What’s lost is at least sight of a great, not perfect, set of principles about the right to zealous representation, due process and the adversarial system. Most of us will need their protection at some point.
The Boies/Dershowitz war contains and displays all the elements to demonstrate why this is so. The skill level of these two big boys is extraordinarily high. Regardless if you’re a lefty and hate Alan lending legal support for Trump’s attack on the rule of law – as with the Harvard prof’s extreme, though not novel, views about any President’s use of the constitutional pardon power. And regardless if you’re from the right and dislike David’s advocacy for same-sex marriage and his brilliant but losing arguments in Bush v. Gore.
These legal giants don’t need the money nor the work and have each toiled frequently and diligently pro bono. HL recalls a day when both he and Dershowitz were at SCOTUS on separate cases and Alan’s brilliant rule breaking argument saved the lives of two black men sentenced to death for crimes committed when they were 19 and 20. That long and famous defense in Tison v. Arizona was done pro bono and subsidized by Dershowitz’ equally brilliant and unorthodox defense of Claus von Bulow, a wealthy scumbag of the first order. That Robin Hood dynamic is how it often works.
It was not Dershowitz’ job to help prosecutors condemn those men, neither the poor black convicted murderers or the wealthy white attempted murderer, whose sentences (Tison and Greenawalt) and convictions (von Bulow) were overturned by Dershowitz’ skillful “Reversals of Fortune.” Frying them was the job of the prosecutors in Arizona and Rhode Island, which is why criticism of Jeffrey Epstein’s 2007-2008 sweetheart plea deal is properly directed not at Dershowitz but federal and state prosecutors in Florida, including Alexander Acosta, recently Trump’s Secretary of Labor.
Boies is under fire for his long association with and representation of Harvey Weinstein and many other wealthy and controversial businessmen. One such representation of Charles Ergen, owner of the Dish Network, pitted David against HL, who represented Rupert Murdoch, in a battle to secure ownership of DirecTV. And for most of Boies’ long representation of Harvey Weinstein’s businesses, the gig was no different than many others such as the one where we were opponents or another where we were co-counsel, he for American Express and HL for Morgan Stanley. These are nice gigs if you can get them.

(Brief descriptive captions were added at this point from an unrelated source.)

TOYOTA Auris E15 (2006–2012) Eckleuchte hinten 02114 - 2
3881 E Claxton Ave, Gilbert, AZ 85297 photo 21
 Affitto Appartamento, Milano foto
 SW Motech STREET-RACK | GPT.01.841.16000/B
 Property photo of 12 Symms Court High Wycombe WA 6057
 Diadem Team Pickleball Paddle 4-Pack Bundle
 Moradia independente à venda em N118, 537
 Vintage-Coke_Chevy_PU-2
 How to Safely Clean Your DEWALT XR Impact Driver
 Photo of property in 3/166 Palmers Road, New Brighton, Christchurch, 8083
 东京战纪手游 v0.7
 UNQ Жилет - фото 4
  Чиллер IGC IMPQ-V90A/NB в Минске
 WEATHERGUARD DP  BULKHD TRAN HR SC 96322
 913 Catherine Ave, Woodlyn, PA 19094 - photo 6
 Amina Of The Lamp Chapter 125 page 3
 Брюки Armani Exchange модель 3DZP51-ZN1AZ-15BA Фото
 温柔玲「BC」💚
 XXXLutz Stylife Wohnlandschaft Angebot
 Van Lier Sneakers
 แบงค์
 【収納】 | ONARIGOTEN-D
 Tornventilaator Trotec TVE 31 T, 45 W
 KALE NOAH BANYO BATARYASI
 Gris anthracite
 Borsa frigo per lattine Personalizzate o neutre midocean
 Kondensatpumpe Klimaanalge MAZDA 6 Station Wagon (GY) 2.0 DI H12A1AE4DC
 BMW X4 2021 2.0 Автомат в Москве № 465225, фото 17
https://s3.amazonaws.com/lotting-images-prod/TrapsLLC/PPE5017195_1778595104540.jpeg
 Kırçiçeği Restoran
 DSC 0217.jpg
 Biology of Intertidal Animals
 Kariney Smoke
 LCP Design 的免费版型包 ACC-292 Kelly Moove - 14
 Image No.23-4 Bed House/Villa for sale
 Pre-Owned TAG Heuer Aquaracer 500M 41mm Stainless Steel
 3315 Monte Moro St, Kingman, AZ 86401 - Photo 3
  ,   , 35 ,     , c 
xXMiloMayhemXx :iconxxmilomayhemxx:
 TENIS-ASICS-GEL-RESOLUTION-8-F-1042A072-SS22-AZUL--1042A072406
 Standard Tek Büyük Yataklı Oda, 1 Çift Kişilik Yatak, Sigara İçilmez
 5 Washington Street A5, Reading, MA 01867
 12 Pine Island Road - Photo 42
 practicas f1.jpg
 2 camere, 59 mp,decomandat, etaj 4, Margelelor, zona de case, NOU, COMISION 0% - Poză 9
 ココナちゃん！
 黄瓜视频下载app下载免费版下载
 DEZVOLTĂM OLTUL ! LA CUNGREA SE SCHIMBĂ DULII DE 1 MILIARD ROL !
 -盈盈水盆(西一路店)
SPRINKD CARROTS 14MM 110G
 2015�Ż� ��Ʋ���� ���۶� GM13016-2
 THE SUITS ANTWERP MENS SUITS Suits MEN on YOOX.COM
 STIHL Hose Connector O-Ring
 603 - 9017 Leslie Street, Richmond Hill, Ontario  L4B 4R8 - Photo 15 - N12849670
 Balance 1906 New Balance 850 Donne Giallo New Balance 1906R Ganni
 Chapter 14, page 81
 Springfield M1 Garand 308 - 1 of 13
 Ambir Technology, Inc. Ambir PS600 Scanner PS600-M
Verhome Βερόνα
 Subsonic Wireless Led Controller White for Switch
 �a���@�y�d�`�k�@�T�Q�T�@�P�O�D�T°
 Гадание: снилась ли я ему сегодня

But when the Harvey Weinstein “Me Too” avalanche began in 2017, Boies and his firm came under intense fire both for merely representing the alleged sexual predator and because it was claimed that the representation went over certain lines. Including Boies’ use of a private investigator called Black Cube that allegedly intimidated Weinstein accusers and journalists. If that or other aggressive practices is proven illegal it warrants harsh sanction. But, the former mere zealous representation of Weinstein or any other accused is not merely OK but essential to maintain a system you and I will need when our turn to hear Oyez Oyez comes.
So much is clear and should be understood not merely by every law grad but every American, because it is so basic and essential to our freedom. What is not clear is what Boies is about in his representation of Virginia Roberts Giuffre, an accuser of the late Jeffrey Epstein. Boies’ attack on Dershowitz for his past relationship with and representation of Epstein is not merely a first magnitude display of hypocrisy but destructive of a system that David has practiced in at the highest level.
Providing a platform and megaphone for an accuser to attack a dead convicted sex criminal is one thing. But it is quite another to provide that for his client to attack a long list of never charged people, some ugly, some bad and some very good – including one real saint with a peace bridge in Ireland named for him. By doing so, Boies lends credence to assertions that he broke other rules for his wealthy clients like Weinstein. The hope and pro bono advice to both my brothers comes from another good book, “behold a good doctrine has been given unto you – forsake it not.”